[Task brief]: Each record below should be written out again exactly.

[Given data]:
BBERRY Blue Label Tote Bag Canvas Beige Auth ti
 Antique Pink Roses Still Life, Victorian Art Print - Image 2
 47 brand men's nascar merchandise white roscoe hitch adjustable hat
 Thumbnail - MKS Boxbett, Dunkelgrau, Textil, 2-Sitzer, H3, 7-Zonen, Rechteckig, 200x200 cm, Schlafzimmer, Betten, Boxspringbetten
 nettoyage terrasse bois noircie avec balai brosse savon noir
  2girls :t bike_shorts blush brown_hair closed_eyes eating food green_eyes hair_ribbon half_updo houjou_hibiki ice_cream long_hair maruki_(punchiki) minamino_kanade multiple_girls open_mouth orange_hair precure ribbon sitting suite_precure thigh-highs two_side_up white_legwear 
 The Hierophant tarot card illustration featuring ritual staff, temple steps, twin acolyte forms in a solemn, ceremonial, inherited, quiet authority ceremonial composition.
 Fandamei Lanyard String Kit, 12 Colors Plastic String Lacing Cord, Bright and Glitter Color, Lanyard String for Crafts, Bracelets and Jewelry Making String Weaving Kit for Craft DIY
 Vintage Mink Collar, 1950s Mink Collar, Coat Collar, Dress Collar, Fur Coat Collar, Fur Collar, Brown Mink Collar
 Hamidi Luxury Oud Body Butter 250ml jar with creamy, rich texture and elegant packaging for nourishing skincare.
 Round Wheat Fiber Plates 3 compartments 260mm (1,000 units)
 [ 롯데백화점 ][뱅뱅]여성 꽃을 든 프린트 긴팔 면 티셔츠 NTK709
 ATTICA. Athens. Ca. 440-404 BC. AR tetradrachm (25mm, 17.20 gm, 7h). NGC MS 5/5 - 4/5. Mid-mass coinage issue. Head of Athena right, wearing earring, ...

[Solution to the exercise]:
BBERRY Blue Label Tote Bag Canvas Beige Auth ti
 Antique Pink Roses Still Life, Victorian Art Print - Image 2
 47 brand men's nascar merchandise white roscoe hitch adjustable hat
 Thumbnail - MKS Boxbett, Dunkelgrau, Textil, 2-Sitzer, H3, 7-Zonen, Rechteckig, 200x200 cm, Schlafzimmer, Betten, Boxspringbetten
 nettoyage terrasse bois noircie avec balai brosse savon noir
  2girls :t bike_shorts blush brown_hair closed_eyes eating food green_eyes hair_ribbon half_updo houjou_hibiki ice_cream long_hair maruki_(punchiki) minamino_kanade multiple_girls open_mouth orange_hair precure ribbon sitting suite_precure thigh-highs two_side_up white_legwear 
 The Hierophant tarot card illustration featuring ritual staff, temple steps, twin acolyte forms in a solemn, ceremonial, inherited, quiet authority ceremonial composition.
 Fandamei Lanyard String Kit, 12 Colors Plastic String Lacing Cord, Bright and Glitter Color, Lanyard String for Crafts, Bracelets and Jewelry Making String Weaving Kit for Craft DIY
 Vintage Mink Collar, 1950s Mink Collar, Coat Collar, Dress Collar, Fur Coat Collar, Fur Collar, Brown Mink Collar
 Hamidi Luxury Oud Body Butter 250ml jar with creamy, rich texture and elegant packaging for nourishing skincare.
 Round Wheat Fiber Plates 3 compartments 260mm (1,000 units)
 [ 롯데백화점 ][뱅뱅]여성 꽃을 든 프린트 긴팔 면 티셔츠 NTK709
 ATTICA. Athens. Ca. 440-404 BC. AR tetradrachm (25mm, 17.20 gm, 7h). NGC MS 5/5 - 4/5. Mid-mass coinage issue. Head of Athena right, wearing earring, ...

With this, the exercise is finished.